Bonjour, mon bien-aimé, bonjour, mon Toto. Vous voyez que je suis matineuse par l’heure à laquelle je vous écris. Vous voyez aussi combien ma pensée, mon cœur et ma vie sont à vous, par l’usage que je fais de mon libre arbitre.
Mon cher petit homme, comment avez-vous passé la nuit ? Vous n’avez pas eu froid, j’espère ? Et vous m’avez aiméea un peu que je crois, après vous en être allé cette nuit en me faisant la plus jolie petite grimace de votre répertoire. Et après m’être mise dans mon bon lit chaud, je me suis mise à vous aimer de toutes mes forces comme si j’étais à la tâche et à l’attache. Je me suis endormie avec le désir et l’espoir de vous voir. Je pensais que la romance d’Oscar vous aurait mis en train de jouer le sultan, ne fût-ceb que pour me faire dire ce joli refrain : Oscar s’avance. Oscar, je vais le voir [1]. Mais vous n’êtes pas ambitieux et encore moins amoureux. C’est ce qui fait que vous êtes resté dans le fond de votre chambre comme un vieux bourgeois du Marais que vous êtes. Eh bien tant pis pour vous, car j’avais mieux que des parfums d’Arabie à vous brûler sous la couverture.
Vous n’êtes qu’une bête, ou qu’un grand poète, ce qui a la même signification pour les amoureuses qui, comme moi, passent leurs jours et leurs nuits à attendre ce qui n’est pas venu, ce qui ne vient pas, ce qui ne viendra pas : L’AMOUR.

J.

BnF, Mss, NAF 16325, f. 228-229
Transcription de Jeanne Stranart assistée de Florence Naugrette

a) « aimé ».
b) « ne fusse ».


17 décembre [1835], jeudi soir, 7 h. 35 m.
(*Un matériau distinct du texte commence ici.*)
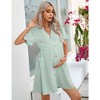 Maternity Swiss Dot Dress Summer V Neck Short Sleeve Button Down Mini Dress Baby Shower Photoshoot with Pockets - 2 of 4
J’ai commencé à dîner à 7 h. 10 m. Vous voyez, mon cher petit homme, que je n’ai pas abusé de la permission d’être gueulardea, car j’ai lu et j’ai attendu entre ma soupe et mon poisson. Je vous dis tout cela, tigre, pour que vous ne me mangiez pas pour avoir trop mangé. Dites donc, vous n’êtes pas revenu ce soir. Il me prend une furieuse envie d’être jalouse ce soir et de croire que l’envoyé de l’instruction publique n’était qu’une envoyée de l’instruction publique. Je vous prierai ce soir de m’expliquer un peu la chose et de me prouver clair comme le jour à quoi vous avez passé votre temps et avec qui. Je ne sais plus à présent quand je vous reverrai. Je commence à croire que ce sera en 1836. Toujours même plaisanterie. Mais ce qui n’est pas une plaisanterie, c’est votre conduite avec moi ; pour peu que vous continuiez sur ce pied-là, vous ne serez pas étonné que le Saint Esprit ne vienne à mon aide comme il le fit jadis pour une femme aussi chaste que je le suis maintenant. Ainsi, mon cher Toto-Joseph ou Joseph-Toto, ça m’est égal, vous acceptez la chose ainsi posée ? Vous n’y mettez aucun obstacle ? Songez qu’il vous sera très difficile de tuer le père de vos enfants, à moins que vous ne l’attrapiez au vol, ce qui est très chanceux. Pensez-y et venez de toute la vitesse de votre amour si vous en avez encore.

J.

BnF, Mss, NAF 16325, f. 230-231
Transcription de Jeanne Stranart assistée de Florence Naugrette

a) « geularde ».

Notes

[1Paroles d’une romance populaire anonyme en quatre couplets nommée « Oscar » : « Il va venir, le sultan que j’adore, / Ce seul espoir fait palpiter mon cœur, / Et dans ses bras, jusqu’au sein de l’aurore, / Je goûterai la coupe du bonheur. / Chantez enfants du rivage d’Asie, / Des mains d’Oscar j’ai reçu le mouchoir ; / Brûlez pour lui les parfums d’Arabie, / Oscar s’avance, Oscar, je vais le voir. » Victor Hugo utilisera cette romance dans Les Misérables (1862), première partie « Fantine », livre troisième « En l’année 1817 », deuxième chapitre « Double Quatuor » : « C’étaient quatre Oscars quelconques ; car à cette époque les Arthurs n’existaient pas encore. Brûlez pour lui les parfums d’Arabie, s’écriait la romance, Oscar s’avance, Oscar, je vais le voir ! ».